声を前に、とか上に、と意識した際に喉が上がるのは、下唇や顎の開き具合、あるいは顎が前に出ないように、動かないで
ブレスすること、実際に歌っている時も、動かないことが大切です。

Et de ton coeur endormi~Tout desseinまで、テンポが少し速くなりましたが、そうするのであれば、
Laisson nous persuaderから、またテンポを戻したほうが良いでしょう。

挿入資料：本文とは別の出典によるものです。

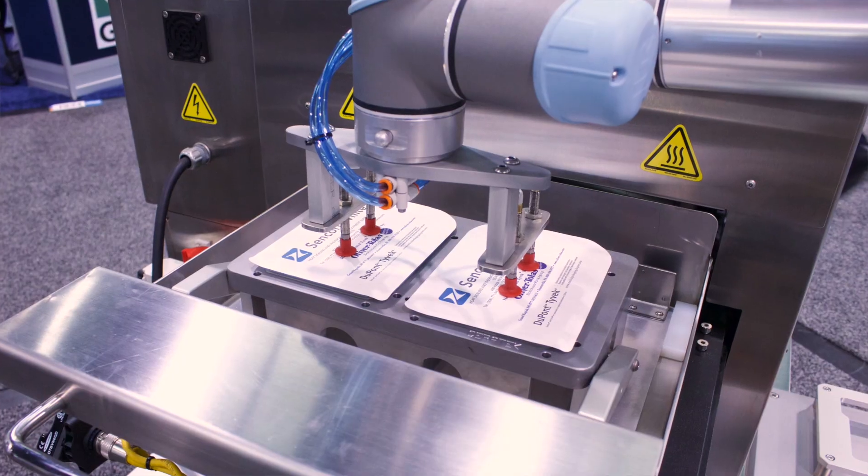Hi, my name is Lynn Barton from Senkobite. I'm the manager of Syrotec sales and we are at the MD&M Anaheim show, demonstrating our pouch and tray sealers here today.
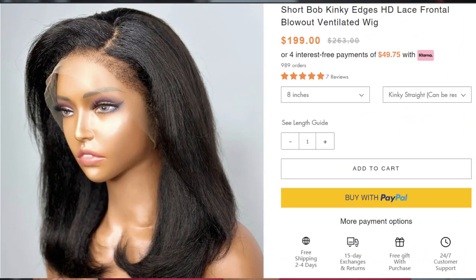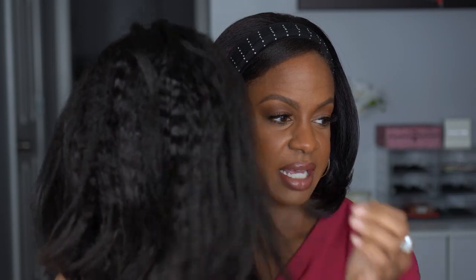This is their Short Bob Kinky Edges HD Lace Frontal Blowout Ventilated Wig. Today's comes in 8 inches. Let me show you the goodies — because we love free gifts. You get a little bag with the I Like Hair velcro band to melt down your lace, a baby hair brush, some clips to pin hair back, and a barrette. There's also wig caps, an adjustable band for glueless wear, and a rat tail comb. Lots and lots of goodies.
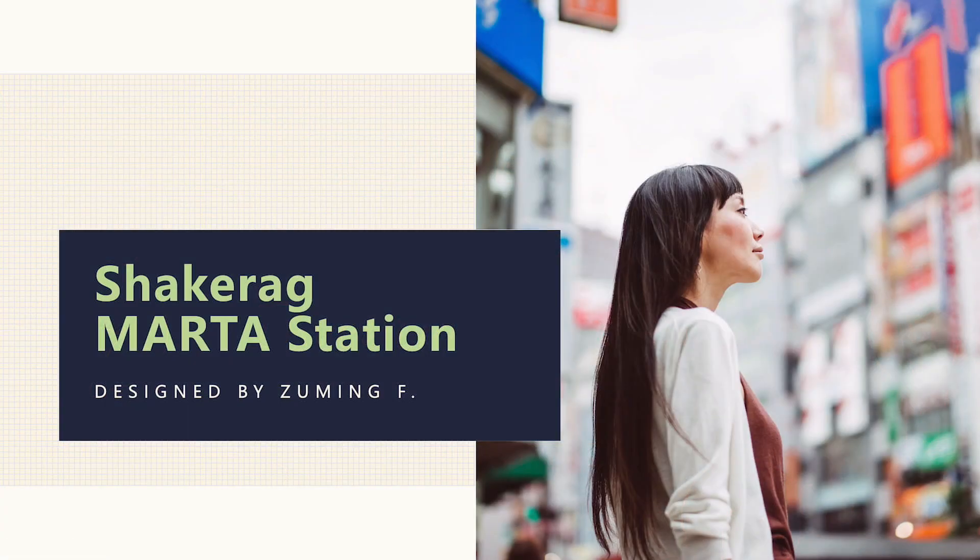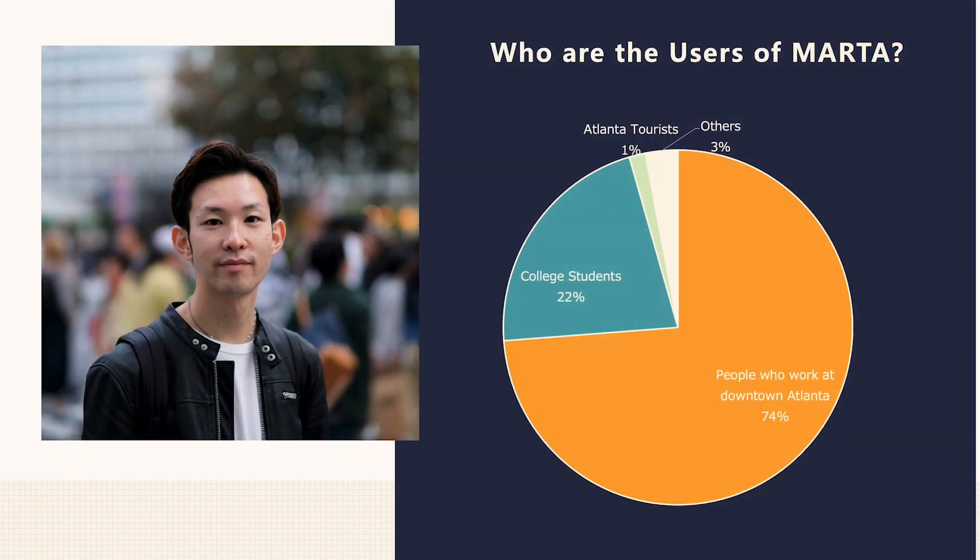Hi, my name is Zumin Fan, and my topic this year for BrightSpark Invention Challenge is the Shakerock MARTA station location. First, let's define who are the users of MARTA. According to a poll I did last week in our community, most people who take MARTA are college students and people who work in downtown Atlanta.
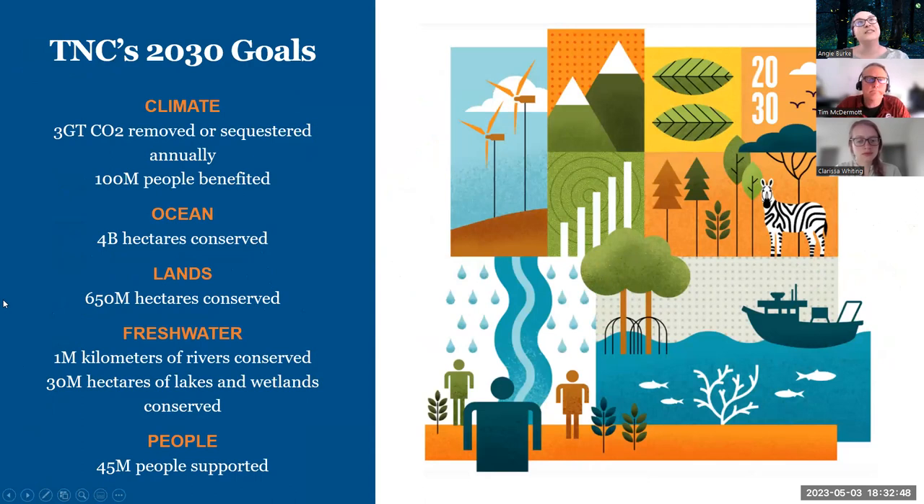We work in over 79 different countries and territories, over 1 million members, over 70 years of conservation success, 400 scientists, 125 million acres conserved worldwide, and over 100 plus marine conservation projects. We are science-based, collaborative and innovative, and we hope to make tangible lasting results. The Nature Conservancy works together towards our 2030 goals focused around climate, oceans, lands, and freshwater, and of course, people. We have some ambitious goals, but we all work together locally to help scale up globally and make a really big lasting difference.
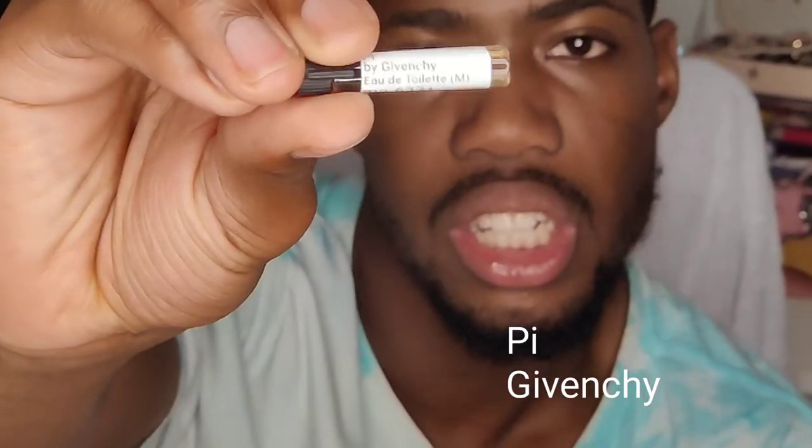We're going to do the smell test. Let's start from the small ones. The first one is Angel Man by Thierry Mugler, and the second one is Pi by Givenchy. I have a bit of Angel Man on my right hand and I'll do Pi on my left hand.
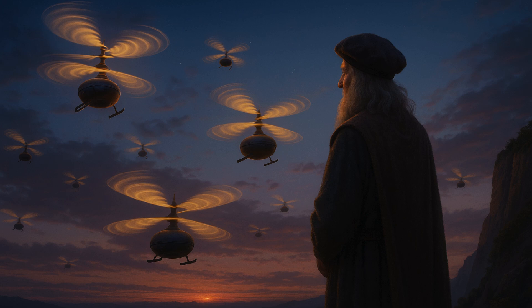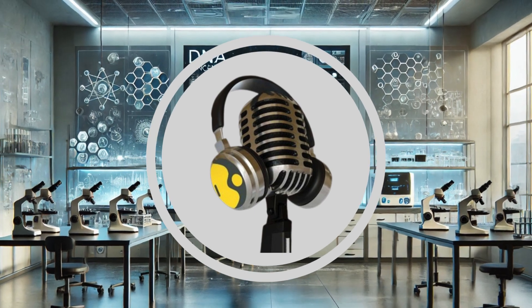However, da Vinci's design has not been found optimal when it comes to real-world performance. The paper authors state that the design highlights the potential benefits of unconventional rotor geometries for noise-sensitive applications. However, they don't advise changing all two-blade rotor drones to match da Vinci's design.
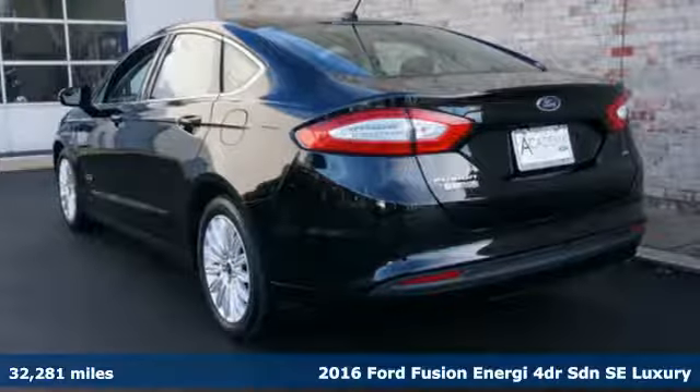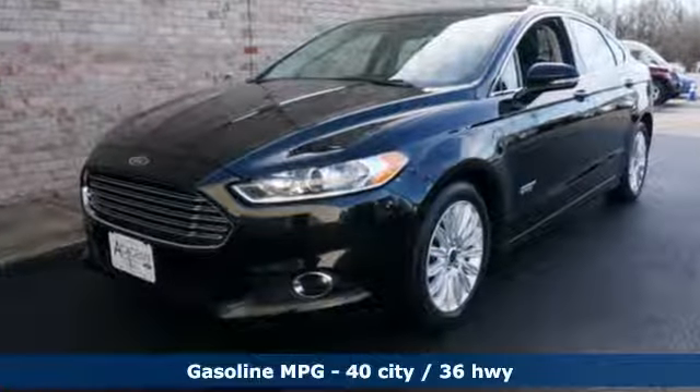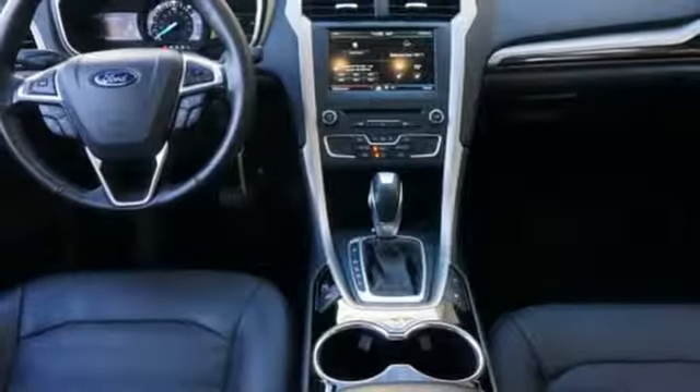It comes with all the amenities you need: streaming audio, Wi-Fi hotspot, front heated leather bucket seats, configurable instrument gauges, wireless phone connectivity, and dual-zone climate control.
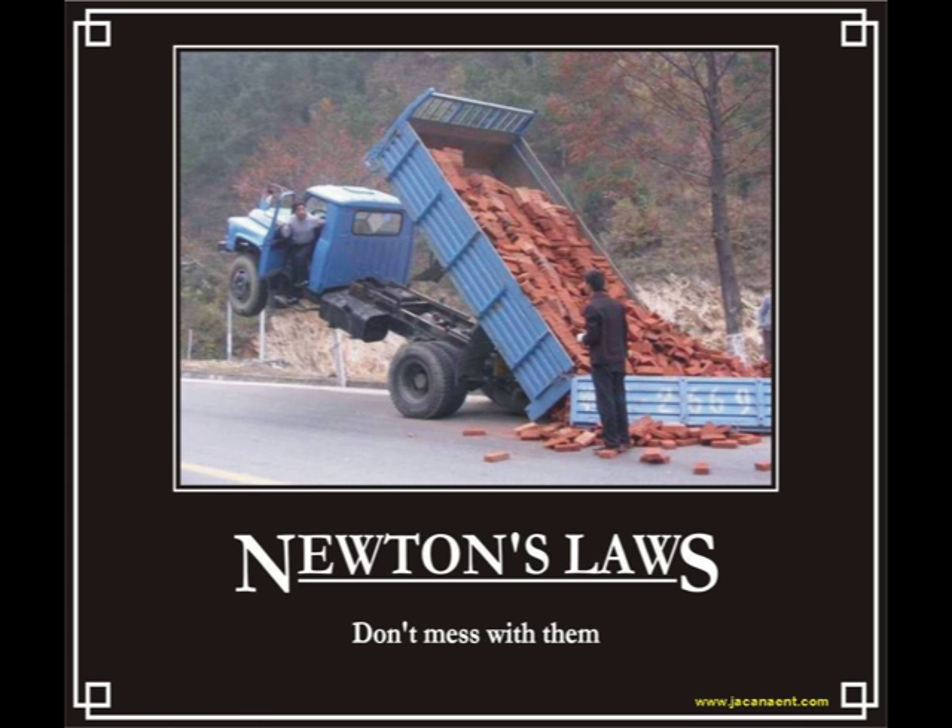So, are there any other reasons you should know these laws? Well, let's just say you don't want to mess with them.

3曲目、C’est l’extaseは、出だしの声のポジションが高くならないように、かつメッザヴォーチェです。
ただ、弱くならないで息を十分声に関与させてください。
綺麗な頭声で息の力はしっかり使う感じです。

後半のEspresivoはとても良いです。
終わり方も、綺麗でブレスも余裕があって立派です。

全体に、Mandolineで聴かせてくれた声が、そのまま他の2曲でも聞きたいところです。
発声が曲によって変わらないように。

ピアノはMandolineで、更に美しい粒立ちのあるタッチと、16分音符のタッチのせいでテンポが遅れないことが必要です。
C’est l’extaseは、前に演奏するEn sourdineの終わりの響きをそのまま想定して、出だしてください。

それは、小さな音・・というようなことではなく、前の曲の終わって行く静けさの雰囲気を壊さないで、
そのままの雰囲気で、あたかも一つの曲のように出だすという意味です。